The move signals a push to deploy artificial intelligence (AI) and digital technologies across Indian agriculture to improve real-time decision-making on weather, soil, irrigation and pest management, as policymakers seek to raise farm productivity and reduce losses in a sector that supports nearly half of the country’s workforce.
As per a CropLife India-YES Bank knowledge report, harvest worth about ₹2 trillion is lost annually due to pests in India.
Support for AI-based crop monitoring, yield forecasting and early warning systems could help reduce losses and improve planning at both farm and policy levels.
India has undertaken multiple digital agriculture initiatives for over a decade, and many of the elements now being highlighted under the DAM were piloted earlier, but they remained fragmented, limited in coverage, or advisory-only. For instance, the National e-Governance Plan in Agriculture (NeGP-A), launched in 2010, enabled digital delivery of advisories related to weather, crops and inputs, but it relied largely on static datasets and SMS-based information rather than AI-driven, real-time decision systems. Similarly, Soil Health Cards, remote sensing for crop area estimation, and weather-based agromet advisories have existed for years, but they functioned as standalone silos, not as a unified decision-support ecosystem.
India had announced launch of the DAM in FY22 for five years and approved an outlay of ₹2,817 crore in September 2024. The scheme is proposed to be extended till FY30 with an outlay of over ₹7,500 crore.
The mission, with the Department of Agriculture as its nodal agency, envisages creation of a digital public infrastructure (DPI) for agriculture, including AgriStack, the Krishi Decision Support System (KDSS) and a comprehensive soil fertility and profile map, to enable a robust digital agriculture ecosystem in the country.
The government had launched IndiaAI Mission in March 2024, with a budget over ₹10,372 crore. It aims to build a national AI ecosystem by supporting computing infrastructure, data platforms, indigenous models, and AI adoption across sectors.
The use of AI to boost agriculture assumes significance given that the sector and its allied segments account for around 18% of India’s gross domestic product (GDP), with nearly 46% of the country’s workforce dependent on it.
“Investments in digital infrastructure such as rural broadband, satellite imagery, sensors and drones will be critical to scaling these technologies,” said the first official cited above, requesting anonymity.
The government takes the final call on several budget proposals closer to its presentation date, which is 1 February.
Queries sent to the spokespersons of the ministries of finance and agriculture on 8 January remained unassured until press time.

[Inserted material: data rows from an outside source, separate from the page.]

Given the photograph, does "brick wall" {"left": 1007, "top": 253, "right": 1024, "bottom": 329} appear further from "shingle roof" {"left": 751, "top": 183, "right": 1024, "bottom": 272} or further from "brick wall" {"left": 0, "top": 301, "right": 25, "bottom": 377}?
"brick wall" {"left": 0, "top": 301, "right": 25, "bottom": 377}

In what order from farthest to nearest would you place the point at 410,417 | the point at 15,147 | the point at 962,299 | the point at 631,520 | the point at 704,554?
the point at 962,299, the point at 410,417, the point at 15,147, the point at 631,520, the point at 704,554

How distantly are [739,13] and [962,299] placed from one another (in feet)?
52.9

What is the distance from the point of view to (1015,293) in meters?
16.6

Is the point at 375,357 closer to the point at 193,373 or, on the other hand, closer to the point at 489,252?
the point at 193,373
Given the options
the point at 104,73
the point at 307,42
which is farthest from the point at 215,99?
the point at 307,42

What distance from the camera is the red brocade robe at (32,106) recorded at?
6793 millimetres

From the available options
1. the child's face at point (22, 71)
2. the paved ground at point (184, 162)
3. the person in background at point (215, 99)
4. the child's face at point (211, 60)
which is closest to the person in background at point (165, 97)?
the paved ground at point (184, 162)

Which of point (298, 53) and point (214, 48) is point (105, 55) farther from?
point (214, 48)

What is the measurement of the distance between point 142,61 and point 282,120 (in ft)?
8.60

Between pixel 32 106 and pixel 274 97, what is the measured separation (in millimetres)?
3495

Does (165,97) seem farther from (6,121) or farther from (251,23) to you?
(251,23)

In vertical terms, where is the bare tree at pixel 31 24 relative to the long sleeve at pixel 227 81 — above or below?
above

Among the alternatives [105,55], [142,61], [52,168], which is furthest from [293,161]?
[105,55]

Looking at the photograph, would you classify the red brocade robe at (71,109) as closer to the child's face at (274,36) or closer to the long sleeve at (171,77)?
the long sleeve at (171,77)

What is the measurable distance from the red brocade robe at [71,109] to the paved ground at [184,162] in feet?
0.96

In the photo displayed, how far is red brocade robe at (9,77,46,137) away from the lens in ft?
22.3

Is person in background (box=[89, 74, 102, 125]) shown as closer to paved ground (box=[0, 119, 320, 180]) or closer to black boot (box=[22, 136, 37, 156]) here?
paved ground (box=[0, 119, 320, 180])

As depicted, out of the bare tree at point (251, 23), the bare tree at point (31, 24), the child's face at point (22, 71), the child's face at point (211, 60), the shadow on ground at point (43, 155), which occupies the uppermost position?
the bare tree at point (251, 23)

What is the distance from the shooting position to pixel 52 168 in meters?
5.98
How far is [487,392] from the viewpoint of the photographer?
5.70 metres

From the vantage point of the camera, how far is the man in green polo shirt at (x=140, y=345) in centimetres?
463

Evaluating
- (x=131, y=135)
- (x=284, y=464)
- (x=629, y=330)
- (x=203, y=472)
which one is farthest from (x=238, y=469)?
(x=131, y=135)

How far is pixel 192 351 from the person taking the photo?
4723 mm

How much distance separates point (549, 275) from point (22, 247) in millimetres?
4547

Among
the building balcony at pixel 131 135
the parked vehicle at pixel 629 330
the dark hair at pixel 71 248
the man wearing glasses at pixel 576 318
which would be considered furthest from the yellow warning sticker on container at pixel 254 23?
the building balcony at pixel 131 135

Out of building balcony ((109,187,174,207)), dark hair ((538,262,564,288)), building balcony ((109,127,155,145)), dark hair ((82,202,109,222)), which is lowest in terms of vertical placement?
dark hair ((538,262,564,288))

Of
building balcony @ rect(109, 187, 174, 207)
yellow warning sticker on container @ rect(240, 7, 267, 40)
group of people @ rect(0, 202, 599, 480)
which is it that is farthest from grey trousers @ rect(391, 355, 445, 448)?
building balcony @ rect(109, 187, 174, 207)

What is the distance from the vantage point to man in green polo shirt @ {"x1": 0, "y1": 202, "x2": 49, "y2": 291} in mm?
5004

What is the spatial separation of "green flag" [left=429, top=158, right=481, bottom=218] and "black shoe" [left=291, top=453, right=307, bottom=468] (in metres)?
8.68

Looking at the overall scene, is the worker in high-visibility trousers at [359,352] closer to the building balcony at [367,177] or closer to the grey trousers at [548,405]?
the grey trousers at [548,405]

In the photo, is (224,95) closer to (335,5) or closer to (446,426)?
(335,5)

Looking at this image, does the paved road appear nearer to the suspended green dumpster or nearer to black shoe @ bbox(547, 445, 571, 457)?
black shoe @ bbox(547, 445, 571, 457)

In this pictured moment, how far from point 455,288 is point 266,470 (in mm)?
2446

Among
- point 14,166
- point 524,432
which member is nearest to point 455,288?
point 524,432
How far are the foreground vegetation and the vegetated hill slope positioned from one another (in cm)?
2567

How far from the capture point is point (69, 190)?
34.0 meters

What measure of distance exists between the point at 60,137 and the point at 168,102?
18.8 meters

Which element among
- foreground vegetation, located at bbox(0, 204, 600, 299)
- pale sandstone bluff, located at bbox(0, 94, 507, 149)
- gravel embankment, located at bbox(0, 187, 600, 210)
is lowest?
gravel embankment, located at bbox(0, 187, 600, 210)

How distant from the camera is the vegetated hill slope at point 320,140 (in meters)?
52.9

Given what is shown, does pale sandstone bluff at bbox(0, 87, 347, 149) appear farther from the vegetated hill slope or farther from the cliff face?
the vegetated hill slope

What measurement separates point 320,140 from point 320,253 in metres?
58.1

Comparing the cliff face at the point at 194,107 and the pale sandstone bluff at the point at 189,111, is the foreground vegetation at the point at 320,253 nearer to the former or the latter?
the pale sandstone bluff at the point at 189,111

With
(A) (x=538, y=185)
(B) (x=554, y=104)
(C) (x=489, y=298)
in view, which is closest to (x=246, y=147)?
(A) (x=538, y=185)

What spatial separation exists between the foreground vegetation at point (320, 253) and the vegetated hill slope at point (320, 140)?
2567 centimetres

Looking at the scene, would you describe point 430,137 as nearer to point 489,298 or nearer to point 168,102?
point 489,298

The budget may also announce financial assistance to states for onboarding farmers on the Virtually Integrated System to Access Agricultural Resources (VISTAAR), a unified platform for farmers to access reliable, real-time info on crops, markets, schemes, and climate-smart practices.

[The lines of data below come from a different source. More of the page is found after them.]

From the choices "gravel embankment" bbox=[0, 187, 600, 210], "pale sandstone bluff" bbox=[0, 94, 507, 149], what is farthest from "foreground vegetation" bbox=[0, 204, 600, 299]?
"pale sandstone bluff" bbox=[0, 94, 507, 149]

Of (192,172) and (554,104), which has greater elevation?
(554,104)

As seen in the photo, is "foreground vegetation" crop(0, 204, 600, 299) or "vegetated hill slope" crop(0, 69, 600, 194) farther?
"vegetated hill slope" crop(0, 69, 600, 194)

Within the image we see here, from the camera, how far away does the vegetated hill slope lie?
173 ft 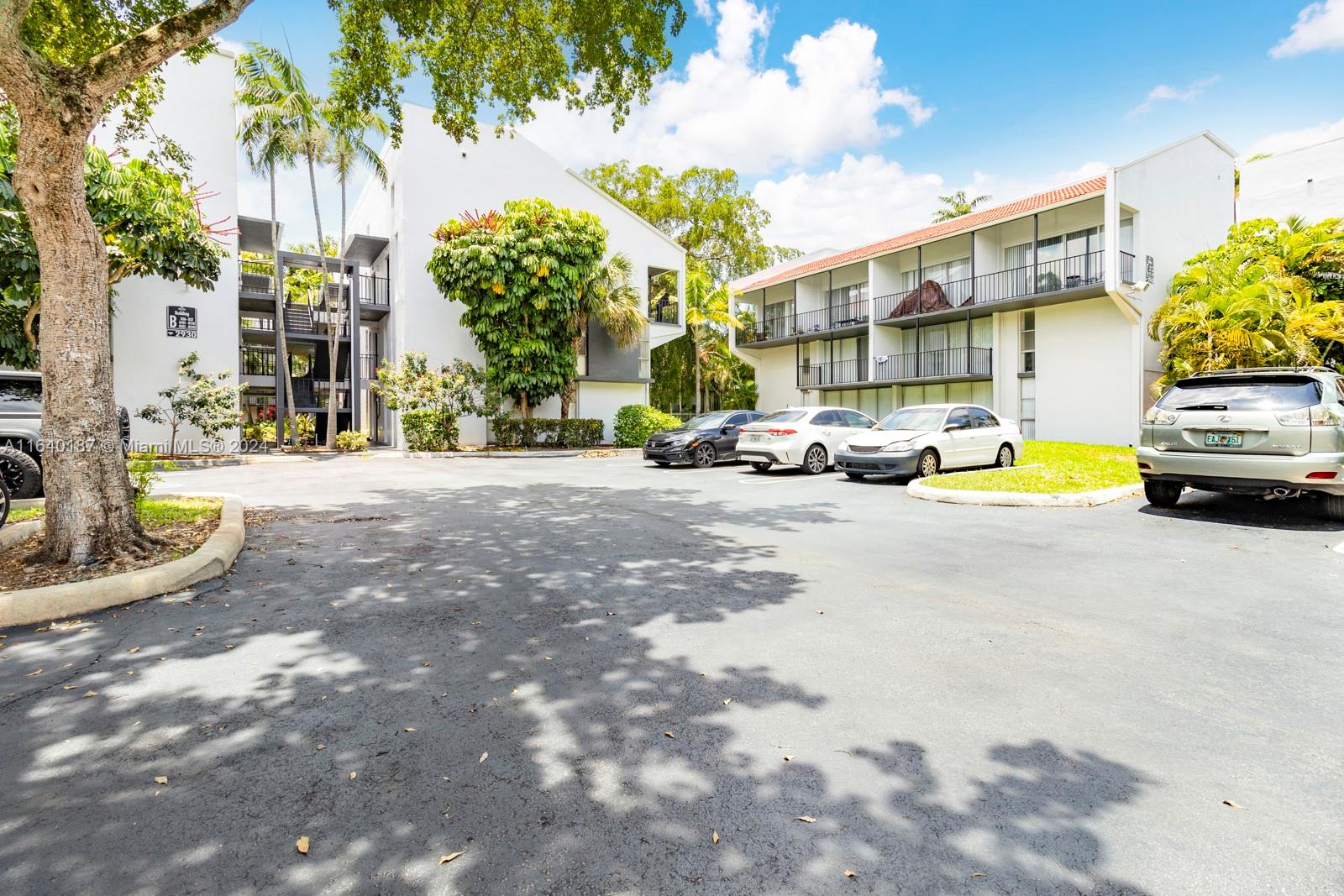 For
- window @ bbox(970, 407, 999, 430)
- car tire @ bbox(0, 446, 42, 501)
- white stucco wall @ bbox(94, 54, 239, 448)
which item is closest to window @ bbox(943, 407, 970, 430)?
window @ bbox(970, 407, 999, 430)

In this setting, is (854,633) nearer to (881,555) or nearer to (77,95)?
(881,555)

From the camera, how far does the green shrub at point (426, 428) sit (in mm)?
21438

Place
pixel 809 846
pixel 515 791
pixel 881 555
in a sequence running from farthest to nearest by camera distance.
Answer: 1. pixel 881 555
2. pixel 515 791
3. pixel 809 846

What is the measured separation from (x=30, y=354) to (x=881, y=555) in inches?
757

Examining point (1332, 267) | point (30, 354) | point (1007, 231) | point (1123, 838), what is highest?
point (1007, 231)

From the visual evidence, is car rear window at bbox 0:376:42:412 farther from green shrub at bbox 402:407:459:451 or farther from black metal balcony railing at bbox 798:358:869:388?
black metal balcony railing at bbox 798:358:869:388

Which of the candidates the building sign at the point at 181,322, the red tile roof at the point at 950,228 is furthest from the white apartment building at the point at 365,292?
the red tile roof at the point at 950,228

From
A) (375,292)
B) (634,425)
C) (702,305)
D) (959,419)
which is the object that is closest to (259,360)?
(375,292)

This will be done by leveraging agri-tech startups and AI to offer personalized advice through chats to improve farmer livelihoods and drive sustainable agriculture. Farmers will also be able to ask questions and receive instant responses in local languages through voice and text, supported by Bhashini, the AI-powered language translation platform aimed at breaking language barriers across India.
Farmers are likely to be onboarded on the scheme next month, the officials said.
“The mission is expected to strengthen food security by improving crop forecasting, enabling early warning systems, and reducing yield losses through data-driven farm planning,” said Binod Anand, a sector expert and a member of the government’s panel on minimum support prices.
Experts said AI has the potential to address long-standing productivity and information gaps in Indian agriculture, provided digital tools are deployed at scale with strong institutional support.
“The real opportunity lies in translating complex data such as weather patterns, soil health, crop imagery and market signals into simple, actionable guidance delivered in real time. To move from pilots to widespread impact, India will need strong data infrastructure, last-mile access and coordinated public-private collaboration to ensure these solutions are inclusive, affordable and scalable,” said Sushma Vasudevan, managing director and partner, agriculture practice at Boston Consulting Group.
“By combining satellite imagery, weather intelligence and AI-driven crop models, stress related to water, nutrients or pests can be identified well before it becomes visible in the field. This enables timely and precise interventions, resulting in 15-20% higher yields and up to 30% lower input costs, while strengthening resilience to climate volatility without adding technological complexity for farmers,” said Rajesh Shirole, co-founder and chief operating officer of MapMyCrop, an AI- and satellite imagery-based precision agriculture platform focused on comprehensive field monitoring.
The government has been increasing its focus on agriculture. Budgetary outlay for the sector rose from ₹1.18 trillion in FY24 to ₹1.41 trillion in FY25 (revised estimate) before easing marginally to ₹1.38 trillion in the budget for FY26.